If f(x)=x+2/x^2-9 and g(x)=11/x^2+3x
(a) find f(x)+g(x)
(b) list all of the excluded values
(c) classify each type of discontinuity
What is being asked in the problem, what plan and I going to try?
Solve step by step
(a) To find f(x)+g(x), we first need to add the two functions:
f(x) + g(x) = (x+2)/(x^2-9) + 11/(x^2+3x)
Next, find a common denominator for the two fractions:
f(x) + g(x) = (x+2)(x^2+3x) / ((x^2-9)(x^2+3x)) + 11(x^2-9) / ((x^2-9)(x^2+3x))
Now, combine the fractions:
f(x) + g(x) = (x^3 + 3x^2 + 2x + 11x^2 - 99) / (x^4 + 3x^3 - 9x^2 - 27x)
Simplify the numerator:
f(x) + g(x) = (x^3 + 14x^2 + 2x - 99) / (x^4 + 3x^3 - 9x^2 - 27x)
Therefore, f(x) + g(x) = (x^3 + 14x^2 + 2x - 99) / (x^4 + 3x^3 - 9x^2 - 27x)
(b) To find the excluded values, we need to identify where the denominator of the functions equals zero.

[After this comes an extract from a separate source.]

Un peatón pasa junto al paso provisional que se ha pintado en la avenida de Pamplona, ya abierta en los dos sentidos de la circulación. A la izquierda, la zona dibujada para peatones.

In this case, we have two denominators: x^2 - 9 = 0 and x^2 + 3x = 0.
Solving x^2 - 9 = 0, we get x = ±3 as excluded values.
Solving x^2 + 3x = 0, we get x(x+3) = 0, so x = 0 and x = -3 are the excluded values.
Therefore, the excluded values are x = ±3, 0.
(c) To classify the types of discontinuity, we need to look at the behavior of the functions at the excluded values.
At x = 3 and x = -3, the functions have vertical asymptotes because the denominators approach zero.
At x = 0, the functions exhibit a removable discontinuity because the factor (x) cancels out from the numerator and denominator.